Summary
Rimonozekum – or, as the faded marquee on most surviving cabinets reads, “RIMONOZEKUM” in screaming neon katakana – is one of those micro-curious footnotes that arcade historians whisper about the way car enthusiasts talk about a limited-production engine block. Released by the tiny Osaka studio UPL in the spring of 1983, it never left Japan, never got a console port, and never earned the global cult status of contemporaries like Elevator Action or Mario Bros. Yet for those who’ve stumbled upon a working board, Rimonozekum is a fascinating time-capsule: a puzzle-platformer hybrid built around a single, elegant idea – turn falling “metatron” drops into stars by ferrying them to the upper floor before the clock murders your run.

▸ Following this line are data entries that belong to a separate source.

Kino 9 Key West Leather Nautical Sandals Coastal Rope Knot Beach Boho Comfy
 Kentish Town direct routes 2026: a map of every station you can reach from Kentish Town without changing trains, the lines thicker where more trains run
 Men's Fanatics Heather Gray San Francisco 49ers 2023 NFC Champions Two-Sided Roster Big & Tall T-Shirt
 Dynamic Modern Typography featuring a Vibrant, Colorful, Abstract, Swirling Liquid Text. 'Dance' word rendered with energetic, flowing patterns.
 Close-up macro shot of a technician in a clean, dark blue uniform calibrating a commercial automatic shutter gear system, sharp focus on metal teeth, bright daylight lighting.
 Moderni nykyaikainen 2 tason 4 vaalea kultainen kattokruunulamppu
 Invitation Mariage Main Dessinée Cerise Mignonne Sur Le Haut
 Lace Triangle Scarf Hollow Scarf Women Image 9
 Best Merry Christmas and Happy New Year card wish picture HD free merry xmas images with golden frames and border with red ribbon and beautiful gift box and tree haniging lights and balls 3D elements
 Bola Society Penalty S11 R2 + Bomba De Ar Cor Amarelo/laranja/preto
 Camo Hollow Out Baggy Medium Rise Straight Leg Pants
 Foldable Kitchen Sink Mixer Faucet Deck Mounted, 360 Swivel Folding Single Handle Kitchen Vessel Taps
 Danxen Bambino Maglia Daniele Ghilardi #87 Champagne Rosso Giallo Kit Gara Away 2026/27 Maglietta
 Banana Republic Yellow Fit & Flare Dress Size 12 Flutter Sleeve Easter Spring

It’s simple on the surface, sadistic underneath, and weirdly hypnotic once you surrender to its rhythm.
Gameplay – One-Screen Symphony
The entire playfield is two horizontal platforms connected by a short ladder. Your sprite – officially named “Rimo-kun,” a blob-cheeked robot in the manual – can walk, climb, and carry exactly one drop at a time. Every few seconds a new pearlescent “metatron” blob spawns on the top deck and begins to ooze downward, accelerating as it approaches the bottom. If it hits the floor it evaporates, costing you both points and precious seconds. The only remedy is to position Rimo-kun underneath, catch the drop on his head (think Bubble Bobble’s snow levels), then hustle up the ladder and release it into the “star forge” – a glowing hopper on the upper right. Successfully unload five drops and the stage erupts into a brief fireworks display: your score inflates, the timer refills by 20 seconds, and the drop speed ratchets up. That’s it. No power-ups, no bosses, no warp zones – just an escalating panic loop that eventually outruns human reflexes.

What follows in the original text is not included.